The lines below, from the first through the one containing "エナ(Ena)の写真/【入替", are to be given again exactly, with pictures left out and nothing added.
:: GIVEN DATA ::
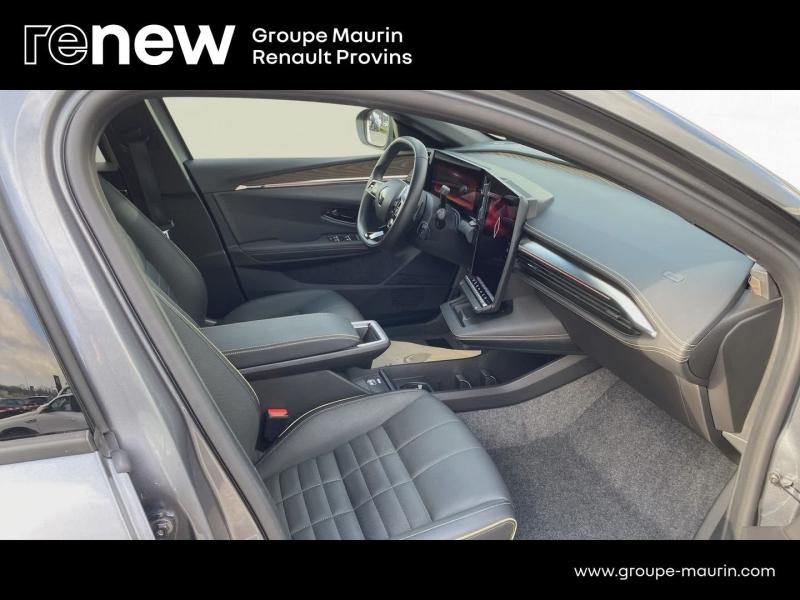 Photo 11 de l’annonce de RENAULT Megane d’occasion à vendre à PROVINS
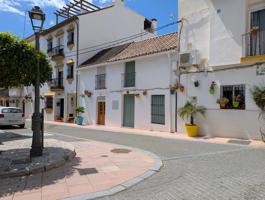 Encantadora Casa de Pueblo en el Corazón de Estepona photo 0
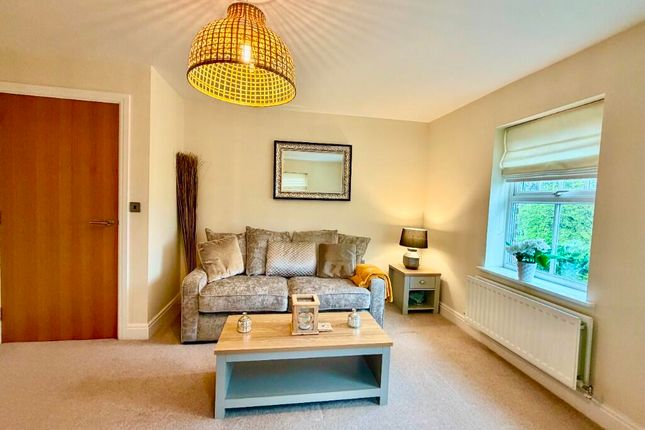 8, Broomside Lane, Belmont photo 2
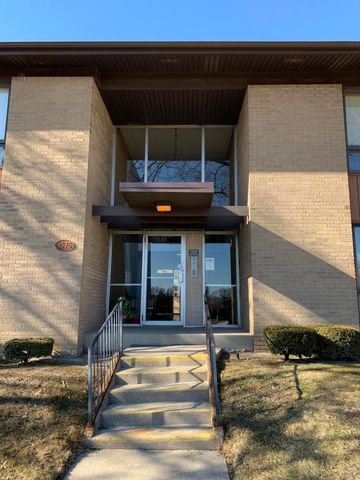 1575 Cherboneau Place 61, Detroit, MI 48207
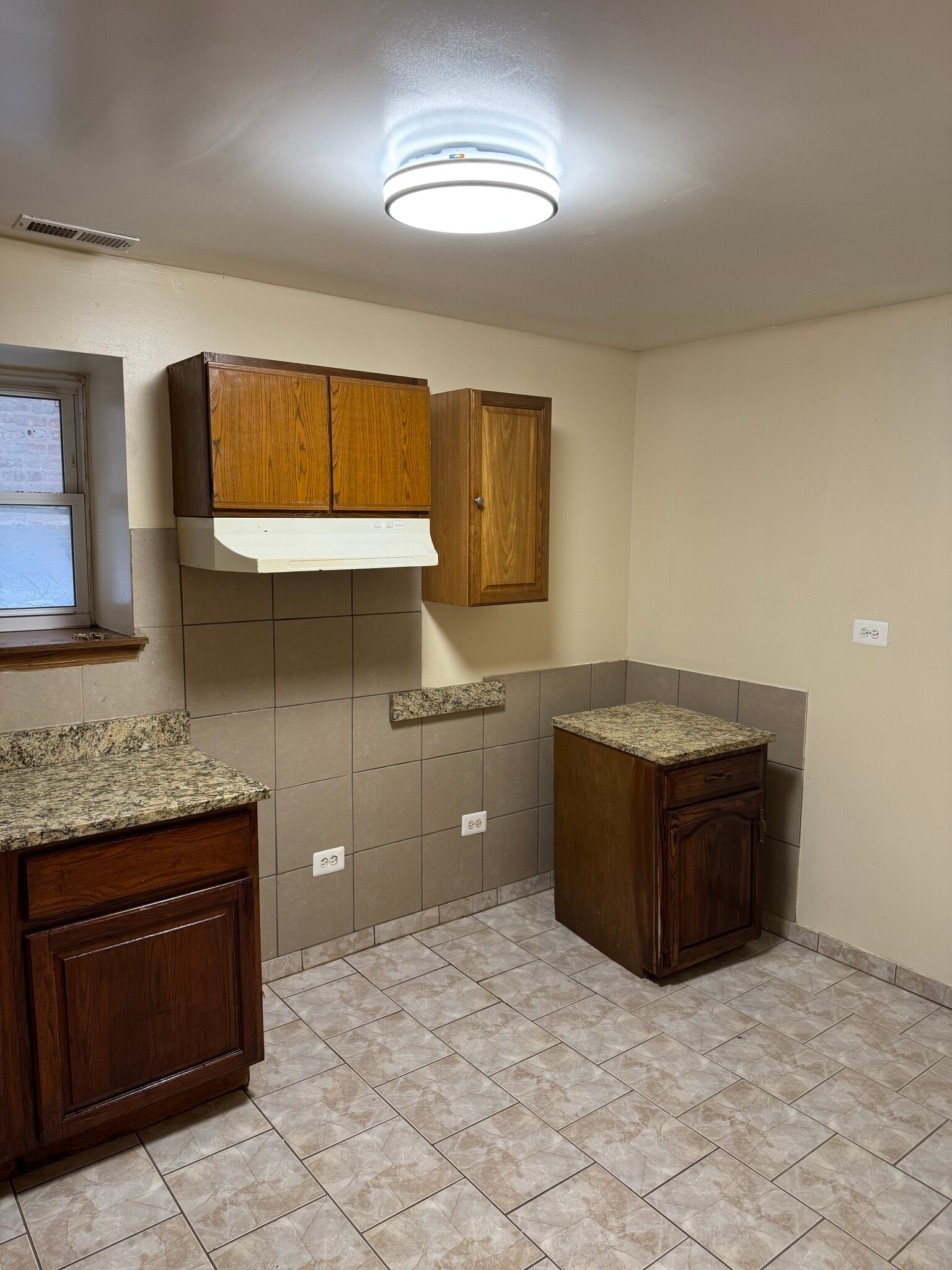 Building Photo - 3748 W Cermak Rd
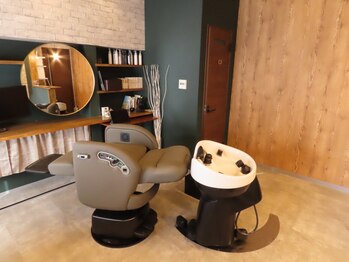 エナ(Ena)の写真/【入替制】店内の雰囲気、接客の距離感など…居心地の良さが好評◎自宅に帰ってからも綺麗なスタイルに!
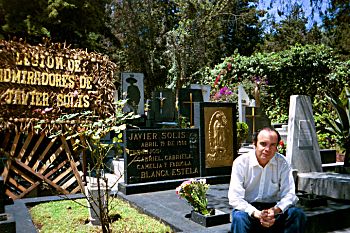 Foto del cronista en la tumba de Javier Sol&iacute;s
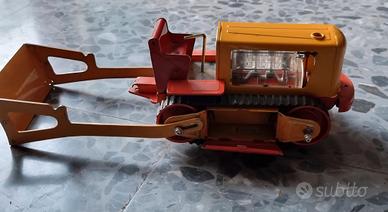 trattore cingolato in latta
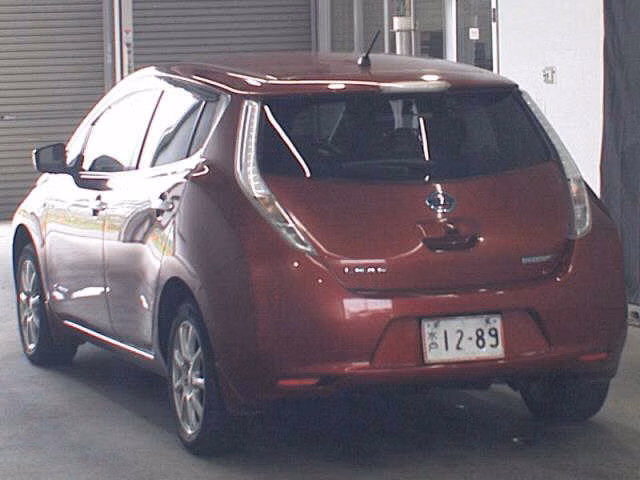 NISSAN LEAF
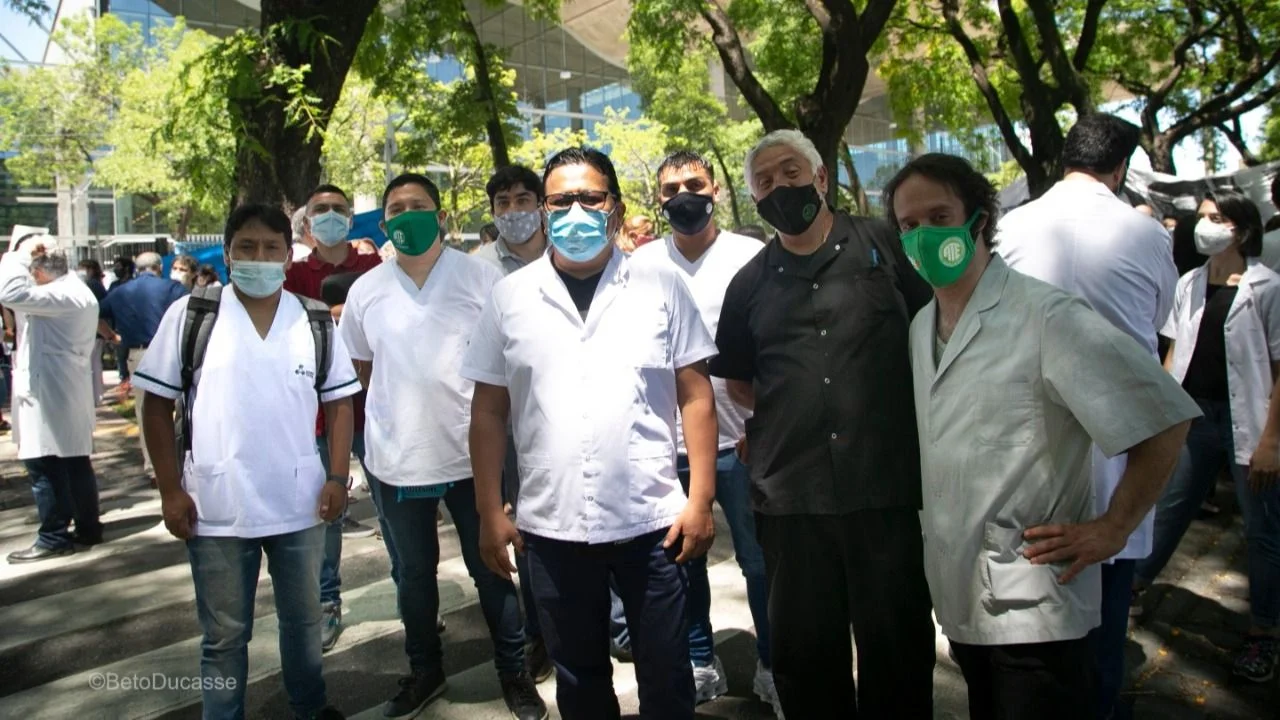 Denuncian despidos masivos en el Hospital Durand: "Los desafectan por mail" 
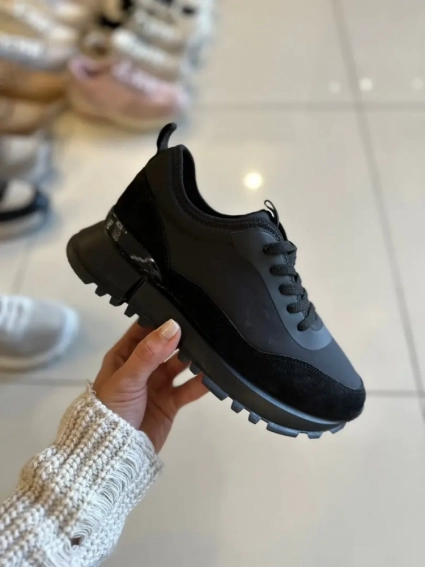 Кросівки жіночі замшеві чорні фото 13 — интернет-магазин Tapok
:::
◆ **EXERCISE RESULT**:
 Photo 11 de l’annonce de RENAULT Megane d’occasion à vendre à PROVINS
 Encantadora Casa de Pueblo en el Corazón de Estepona photo 0
 8, Broomside Lane, Belmont photo 2
 1575 Cherboneau Place 61, Detroit, MI 48207
 Building Photo - 3748 W Cermak Rd
 エナ(Ena)の写真/【入替制】店内の雰囲気、接客の距離感など…居心地の良さが好評◎自宅に帰ってからも綺麗なスタイルに!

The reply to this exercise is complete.